Starting at the line that holds "Invitation marine bleu", restate every line word for word up to and including the last one in the listing below, and omit all pictures.
#####
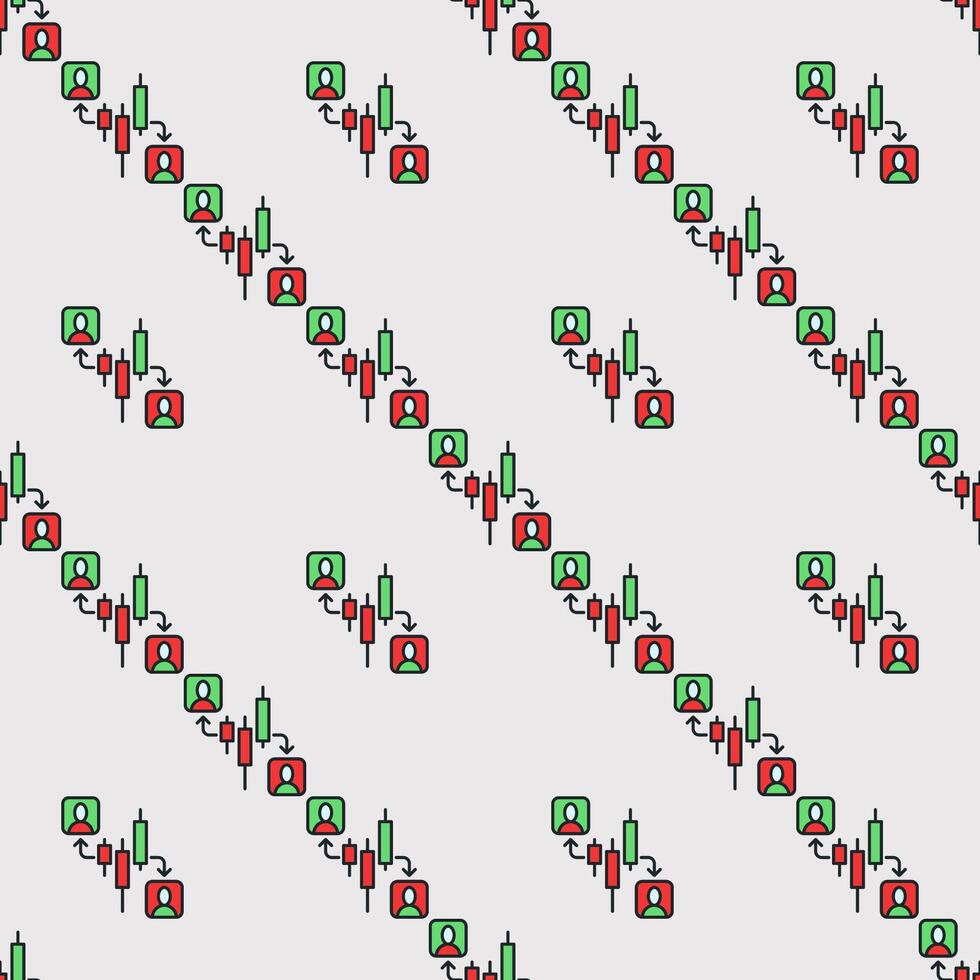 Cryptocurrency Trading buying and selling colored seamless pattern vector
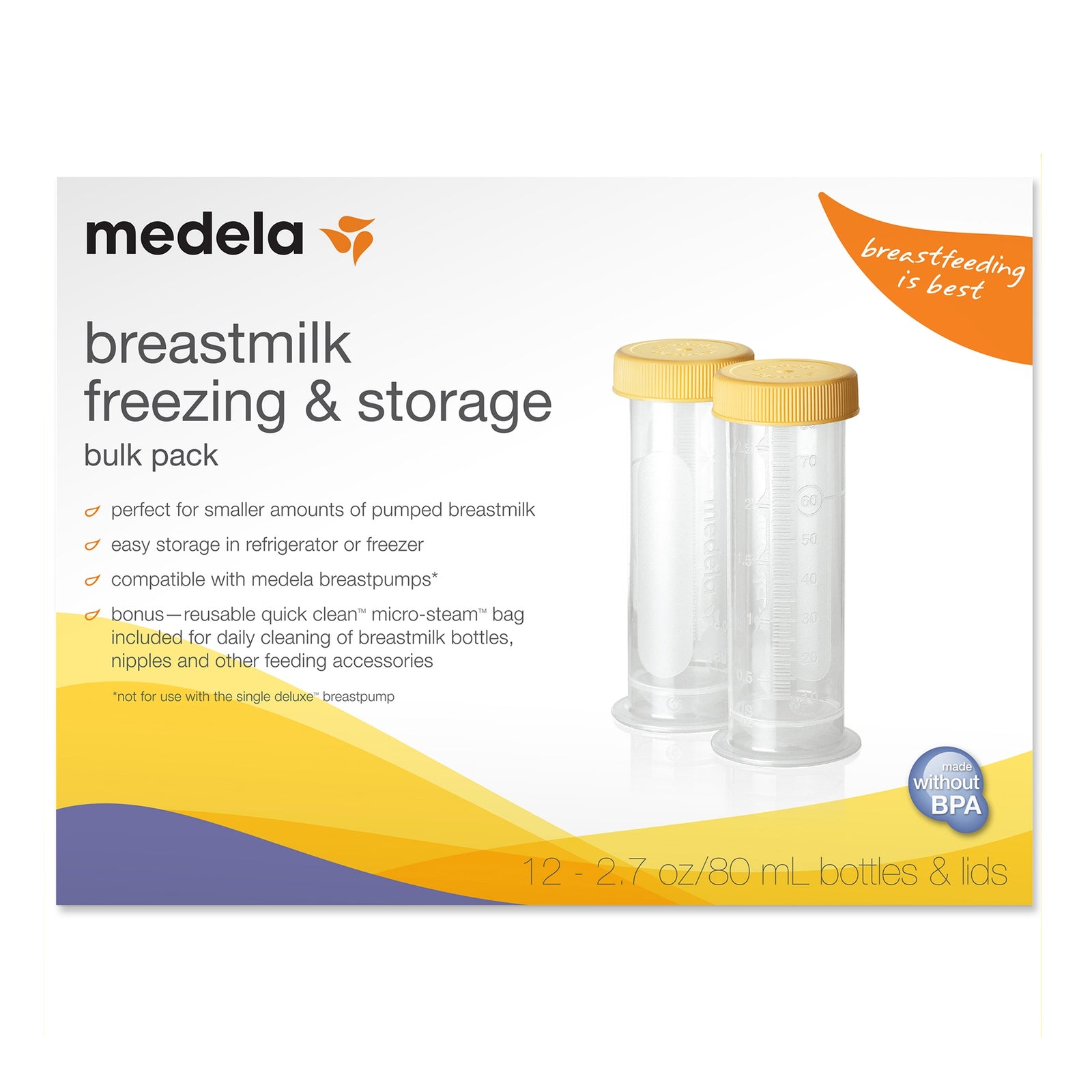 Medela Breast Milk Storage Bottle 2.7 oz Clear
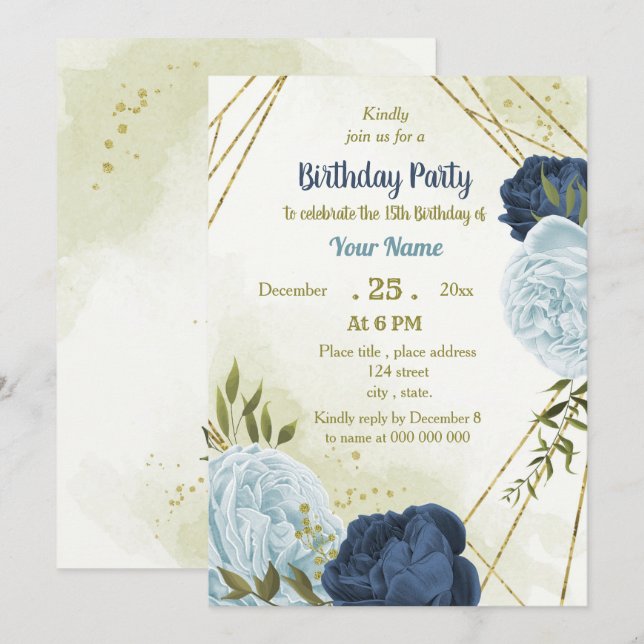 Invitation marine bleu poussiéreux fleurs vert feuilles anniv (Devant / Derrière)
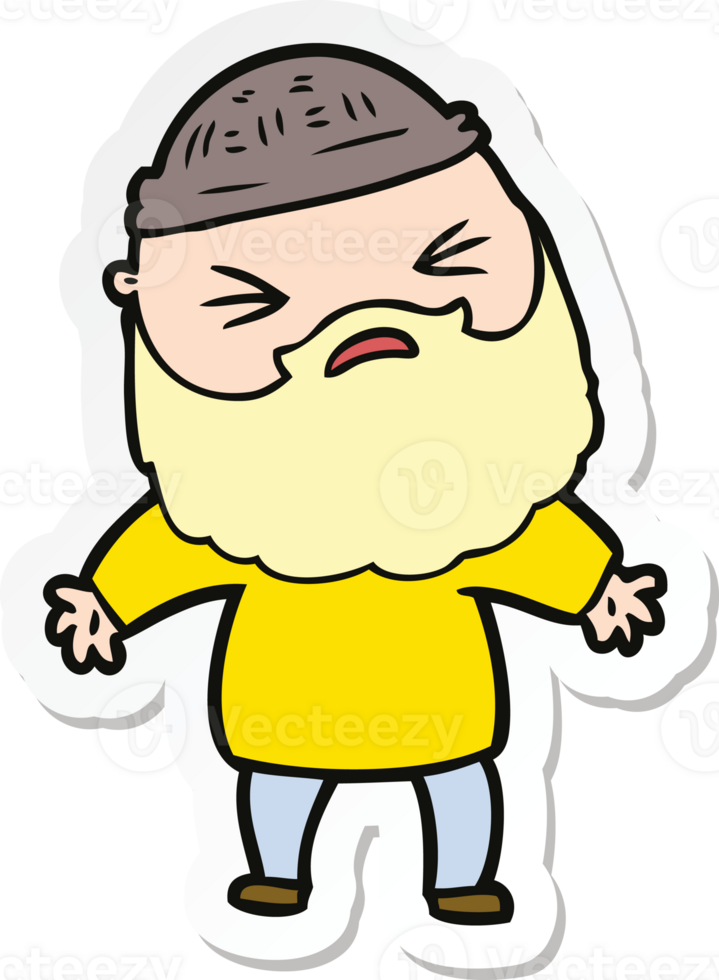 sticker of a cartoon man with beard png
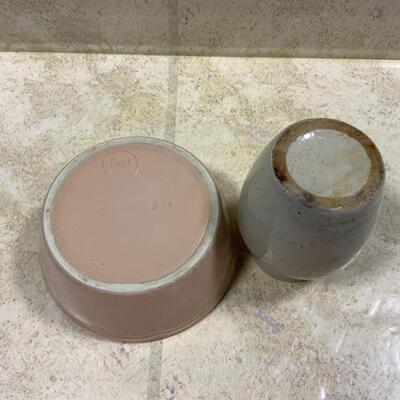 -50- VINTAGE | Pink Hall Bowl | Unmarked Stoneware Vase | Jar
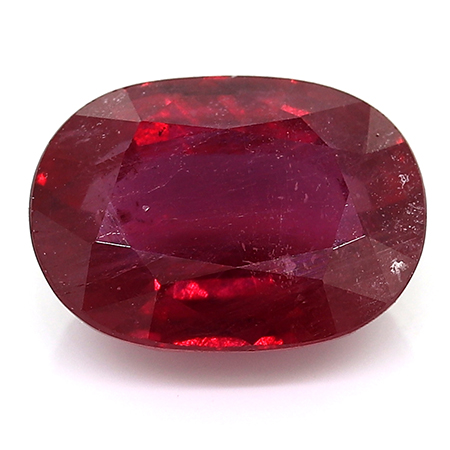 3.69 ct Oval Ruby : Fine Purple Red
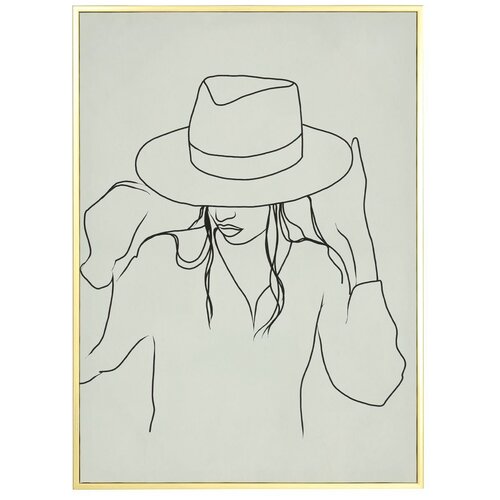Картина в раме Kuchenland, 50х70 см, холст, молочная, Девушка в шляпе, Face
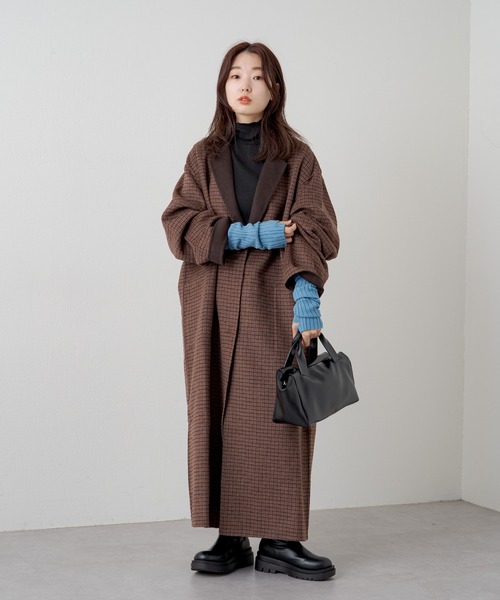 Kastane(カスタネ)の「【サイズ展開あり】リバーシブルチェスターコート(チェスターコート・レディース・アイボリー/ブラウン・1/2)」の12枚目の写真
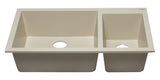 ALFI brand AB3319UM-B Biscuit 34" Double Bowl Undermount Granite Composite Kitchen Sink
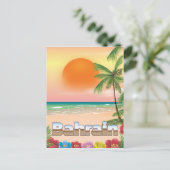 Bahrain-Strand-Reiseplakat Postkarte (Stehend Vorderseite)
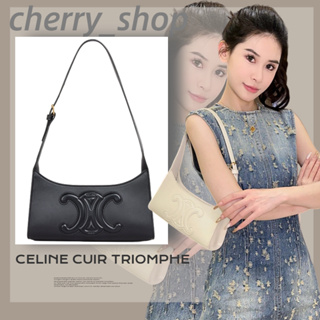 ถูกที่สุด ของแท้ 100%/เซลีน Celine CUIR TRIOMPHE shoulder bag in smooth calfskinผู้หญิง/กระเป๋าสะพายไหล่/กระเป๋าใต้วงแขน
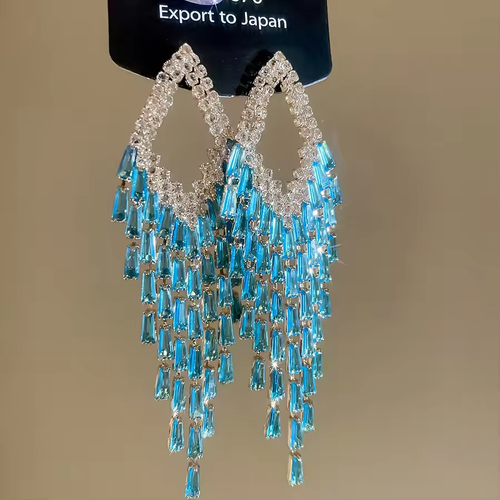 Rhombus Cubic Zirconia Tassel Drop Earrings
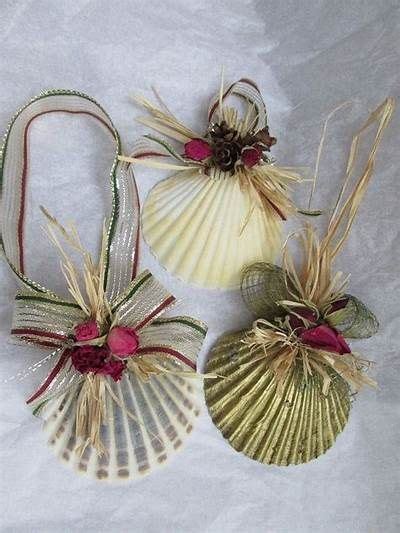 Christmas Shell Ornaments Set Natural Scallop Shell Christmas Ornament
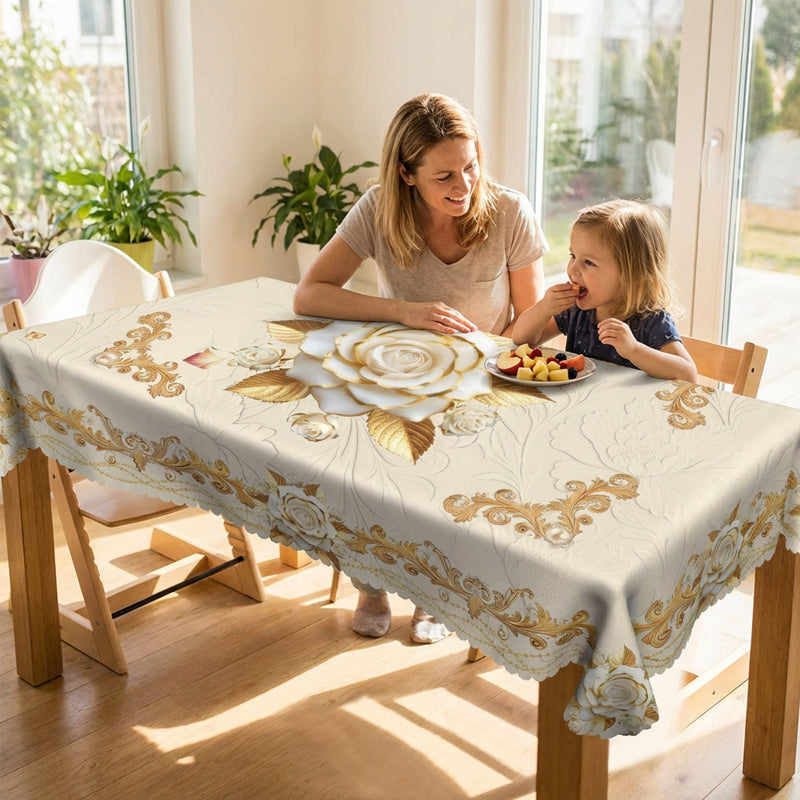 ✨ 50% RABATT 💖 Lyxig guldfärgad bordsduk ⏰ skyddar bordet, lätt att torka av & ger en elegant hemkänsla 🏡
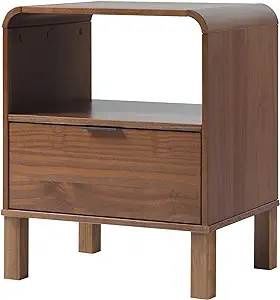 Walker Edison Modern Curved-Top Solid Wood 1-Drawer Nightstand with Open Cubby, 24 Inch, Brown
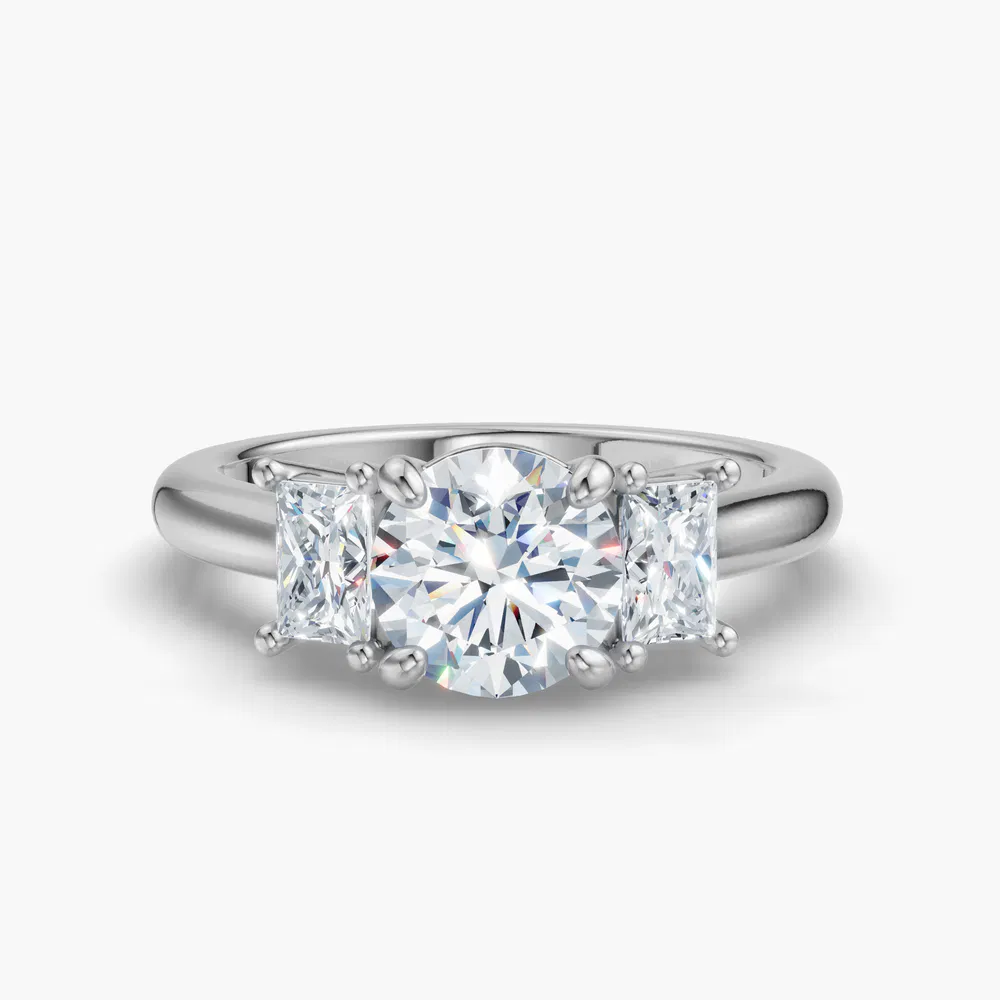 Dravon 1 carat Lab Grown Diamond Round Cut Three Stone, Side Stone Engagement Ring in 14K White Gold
#####
== Task solution ==
 Invitation marine bleu poussiéreux fleurs vert feuilles anniv (Devant / Derrière)
 sticker of a cartoon man with beard png
 -50- VINTAGE | Pink Hall Bowl | Unmarked Stoneware Vase | Jar
 3.69 ct Oval Ruby : Fine Purple Red
Картина в раме Kuchenland, 50х70 см, холст, молочная, Девушка в шляпе, Face
 Kastane(カスタネ)の「【サイズ展開あり】リバーシブルチェスターコート(チェスターコート・レディース・アイボリー/ブラウン・1/2)」の12枚目の写真
 ALFI brand AB3319UM-B Biscuit 34" Double Bowl Undermount Granite Composite Kitchen Sink
 Bahrain-Strand-Reiseplakat Postkarte (Stehend Vorderseite)
 ถูกที่สุด ของแท้ 100%/เซลีน Celine CUIR TRIOMPHE shoulder bag in smooth calfskinผู้หญิง/กระเป๋าสะพายไหล่/กระเป๋าใต้วงแขน
 Rhombus Cubic Zirconia Tassel Drop Earrings
 Christmas Shell Ornaments Set Natural Scallop Shell Christmas Ornament
 ✨ 50% RABATT 💖 Lyxig guldfärgad bordsduk ⏰ skyddar bordet, lätt att torka av & ger en elegant hemkänsla 🏡
 Walker Edison Modern Curved-Top Solid Wood 1-Drawer Nightstand with Open Cubby, 24 Inch, Brown
 Dravon 1 carat Lab Grown Diamond Round Cut Three Stone, Side Stone Engagement Ring in 14K White Gold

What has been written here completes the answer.